Eeklo smaakt (2)
De grootkeuken van het gesticht H.Vincentius A Paulo in de Koning Albertstraat in Eeklo. Zuster Lutgarde heft het deksel van het fornuis op.
Schoolwandkaart met binnenzicht van een slagerij. Toen slachtte de slager zelf nog zijn varken. Het varken werd op zijn zijde getrokken en de helper zette zich op het varken terwijl de slager het varken keelde. Nadien moest de helper met de poot pompen om het bloed eruit te laten stromen. Hoe meer bloed eruit kwam, hoe beter, want dan konden we meer bloedworst maken. Toen waren er veel arme mensen over de vloer die zich amper een goede portie vlees konden permitteren. Ze maakten koantjessesse of toatjespap om de buik te vullen. Ze kwamen om de kaantjes van het smout die men hen meegaf. Ook het sop van de hoofdvlakke, toch wel het gemeenste en het vetste van het varken, was zeer gegeerd. Ze kwamen daar met hun kannetje om, om er soep van te koken.
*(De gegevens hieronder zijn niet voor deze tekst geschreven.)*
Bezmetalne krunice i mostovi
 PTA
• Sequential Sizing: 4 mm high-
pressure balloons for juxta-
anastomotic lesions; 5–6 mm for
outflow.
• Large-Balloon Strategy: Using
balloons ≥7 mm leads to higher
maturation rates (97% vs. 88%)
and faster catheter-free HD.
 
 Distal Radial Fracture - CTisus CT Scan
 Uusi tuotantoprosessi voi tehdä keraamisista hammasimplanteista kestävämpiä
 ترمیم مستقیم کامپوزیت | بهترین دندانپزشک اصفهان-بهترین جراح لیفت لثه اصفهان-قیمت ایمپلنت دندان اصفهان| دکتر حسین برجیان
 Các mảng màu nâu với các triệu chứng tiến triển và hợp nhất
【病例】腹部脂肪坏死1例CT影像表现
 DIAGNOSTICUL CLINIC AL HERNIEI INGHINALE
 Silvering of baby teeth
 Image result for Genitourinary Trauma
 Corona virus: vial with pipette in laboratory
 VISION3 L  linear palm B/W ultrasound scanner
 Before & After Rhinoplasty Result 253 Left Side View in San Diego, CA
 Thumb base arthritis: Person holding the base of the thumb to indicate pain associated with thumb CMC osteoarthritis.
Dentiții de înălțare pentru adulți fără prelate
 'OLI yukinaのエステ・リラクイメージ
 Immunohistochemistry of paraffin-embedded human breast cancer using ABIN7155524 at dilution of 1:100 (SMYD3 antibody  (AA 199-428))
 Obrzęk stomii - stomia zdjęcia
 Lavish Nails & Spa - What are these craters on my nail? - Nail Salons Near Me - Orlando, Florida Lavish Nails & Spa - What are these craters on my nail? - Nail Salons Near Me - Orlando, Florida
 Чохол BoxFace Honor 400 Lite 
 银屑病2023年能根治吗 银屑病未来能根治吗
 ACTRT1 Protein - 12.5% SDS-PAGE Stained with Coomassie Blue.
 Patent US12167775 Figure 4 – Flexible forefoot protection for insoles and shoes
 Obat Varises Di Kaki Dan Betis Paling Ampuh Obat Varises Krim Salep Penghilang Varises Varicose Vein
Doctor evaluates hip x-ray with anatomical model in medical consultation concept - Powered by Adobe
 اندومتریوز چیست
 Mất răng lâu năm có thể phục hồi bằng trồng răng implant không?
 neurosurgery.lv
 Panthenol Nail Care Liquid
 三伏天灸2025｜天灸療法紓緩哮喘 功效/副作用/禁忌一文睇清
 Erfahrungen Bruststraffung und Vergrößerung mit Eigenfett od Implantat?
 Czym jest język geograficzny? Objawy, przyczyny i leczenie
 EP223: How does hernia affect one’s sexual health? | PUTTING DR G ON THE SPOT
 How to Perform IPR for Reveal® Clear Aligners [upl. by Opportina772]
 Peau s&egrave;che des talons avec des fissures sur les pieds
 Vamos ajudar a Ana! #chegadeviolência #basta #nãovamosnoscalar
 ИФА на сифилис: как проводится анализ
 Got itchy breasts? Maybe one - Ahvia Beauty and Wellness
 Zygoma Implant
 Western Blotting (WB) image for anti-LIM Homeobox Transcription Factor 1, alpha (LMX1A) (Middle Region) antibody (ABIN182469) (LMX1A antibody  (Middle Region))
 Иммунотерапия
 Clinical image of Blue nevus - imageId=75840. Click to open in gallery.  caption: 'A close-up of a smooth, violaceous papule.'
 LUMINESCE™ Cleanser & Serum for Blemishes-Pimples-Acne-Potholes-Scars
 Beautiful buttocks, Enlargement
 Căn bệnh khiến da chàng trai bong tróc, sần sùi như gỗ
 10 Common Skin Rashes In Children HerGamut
Ze gooiden er wat prei, selder en vermicelli in, en konden weer hun buikje vol eten. Er was hoofdvlakke en af en toe eens paté. Rundvet werd als frietvet gebruikt. Het werd uit een kom gesneden en in het boterpapier gewikkeld. We hadden soms ook eens gekookte hesp, en daar zouden ze voor gevochten hebben.
Een typische groentenwinkel van Eveline Verhé in de Molenstraat in Eeklo.
De leskeuken van het Onze-Lieve-Vrouw Ten Doorn in Eeklo.